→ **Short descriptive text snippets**
____
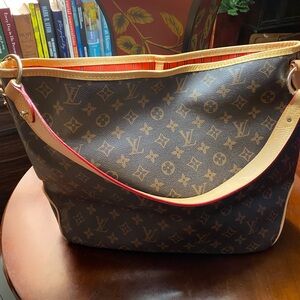 Monogram Shoulder Bag with Red interior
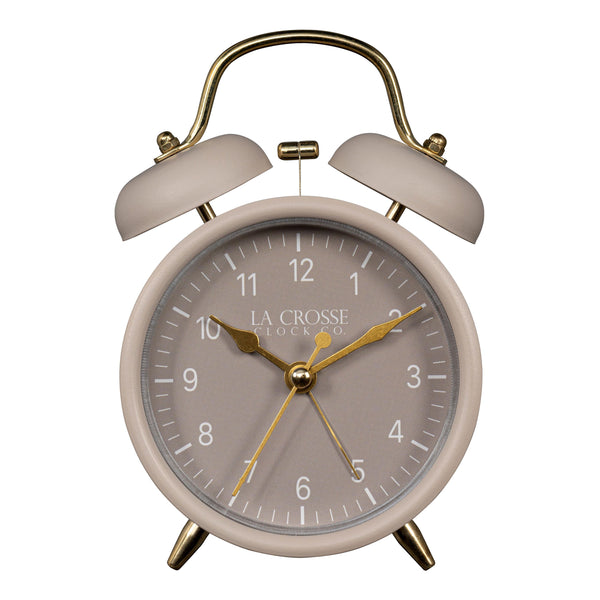 617-3314TP Metal Twin Bell Alarm Clock - Taupe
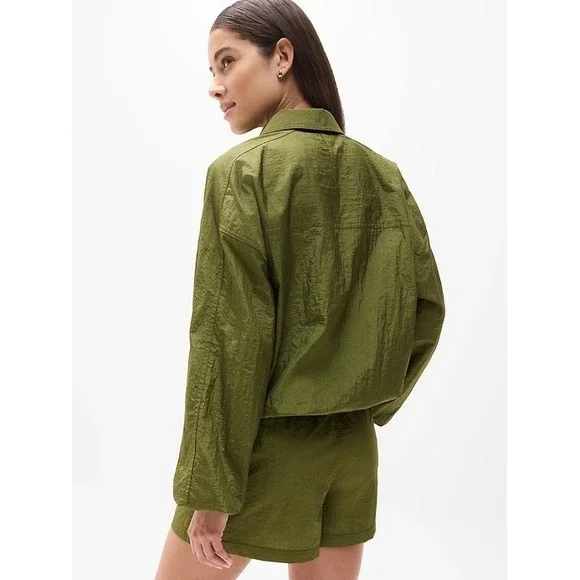 Athleta Green Nylon Utility Jacket Shirt Oversized Relaxed Fit Medium Athleisure - Picture 2 of 12
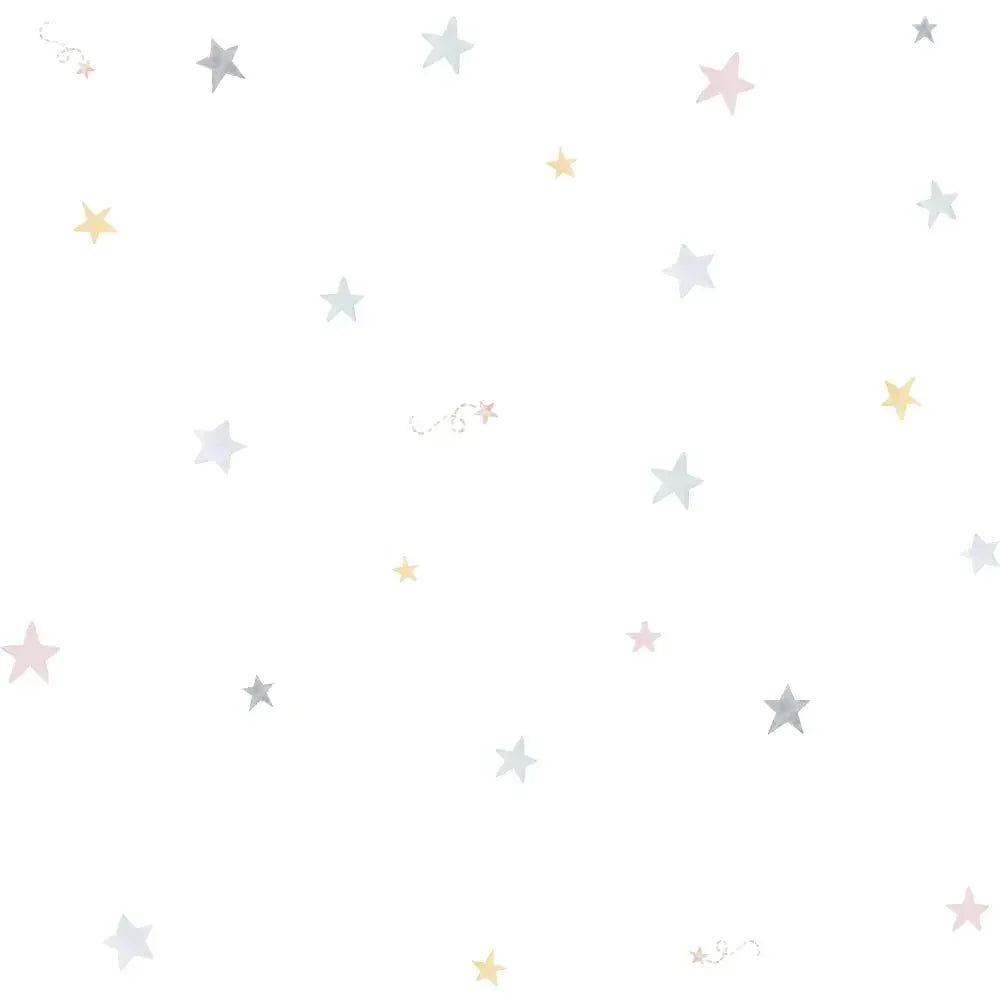 Papel Pintado ESTRELLAS ACUARELA tonos pastel - Sueños de Cigueña
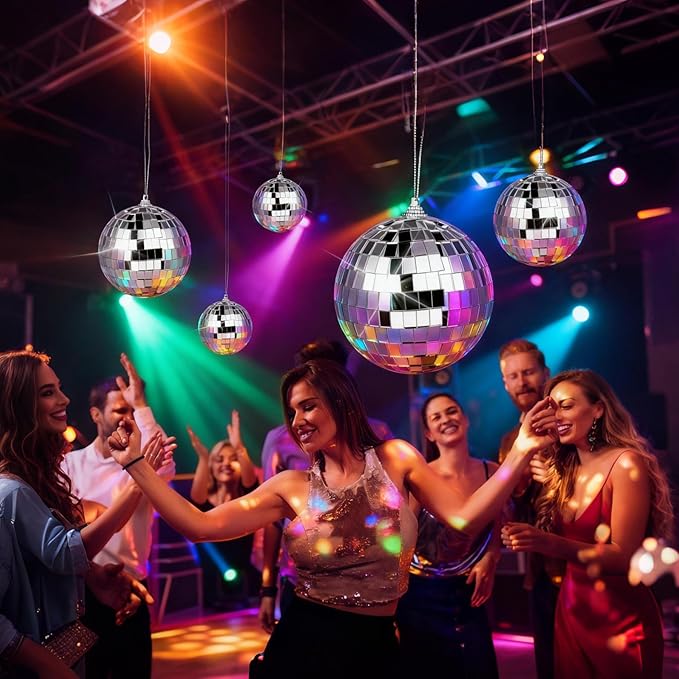 37 Pcs Disco 4D Ball, Silver Disco Mirror Ball, Fun Silver Hanging for Party Decoration, Christmas Tree Ornaments Disco Ball Cup Toppers Wedding Birthday Party Festive Dance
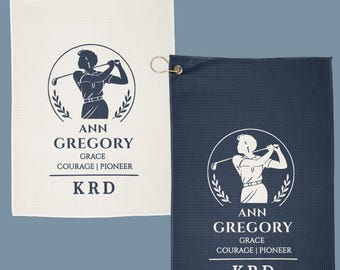 Personalized Black Golf History Towel Set | Custom Initials | Ann Gregory | Golf Gift | Black Golf Legacy | Black Woman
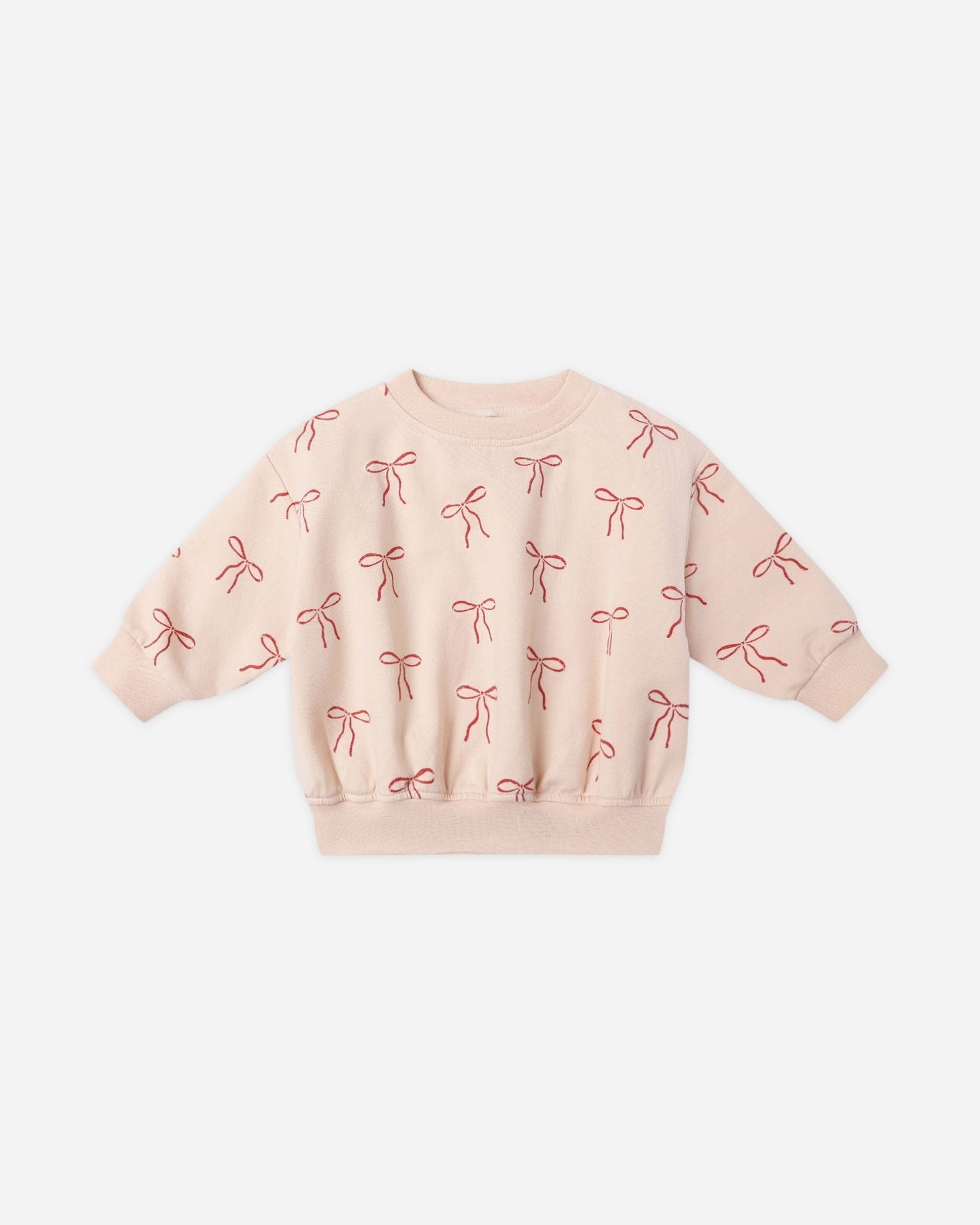 Quincy Mae Relaxed Fleece Sweatshirt || Red Bows Quincy Mae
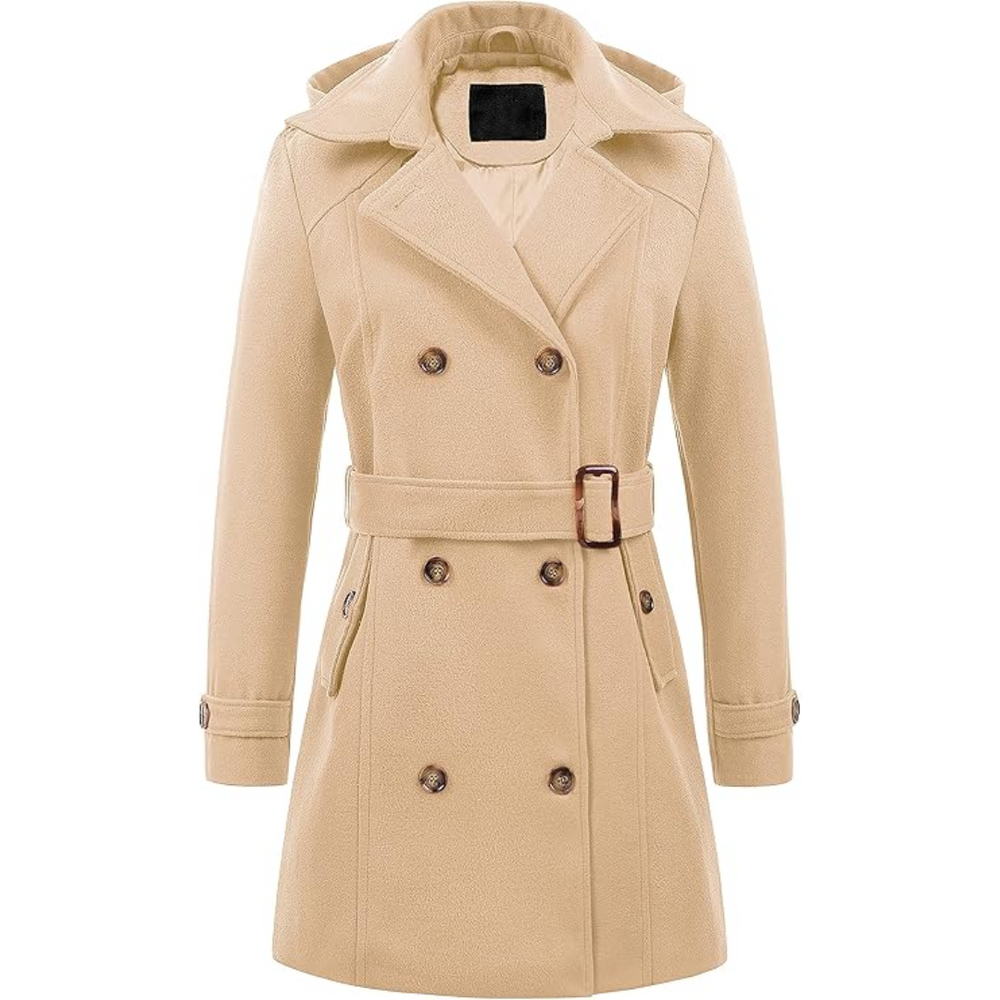 Women's Nina Padded Winter Trench Coat with Hood - Stylish & Warm Outerwear for Cold Weather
____
→ **Brief**
What is needed is an exact restatement of the lines from the line with "617-3314TP Metal Twin" through the final line of the data, pictures excluded.

→ **Final answer**
 617-3314TP Metal Twin Bell Alarm Clock - Taupe
 Athleta Green Nylon Utility Jacket Shirt Oversized Relaxed Fit Medium Athleisure - Picture 2 of 12
 Papel Pintado ESTRELLAS ACUARELA tonos pastel - Sueños de Cigueña
 37 Pcs Disco 4D Ball, Silver Disco Mirror Ball, Fun Silver Hanging for Party Decoration, Christmas Tree Ornaments Disco Ball Cup Toppers Wedding Birthday Party Festive Dance
 Personalized Black Golf History Towel Set | Custom Initials | Ann Gregory | Golf Gift | Black Golf Legacy | Black Woman
 Quincy Mae Relaxed Fleece Sweatshirt || Red Bows Quincy Mae
 Women's Nina Padded Winter Trench Coat with Hood - Stylish & Warm Outerwear for Cold Weather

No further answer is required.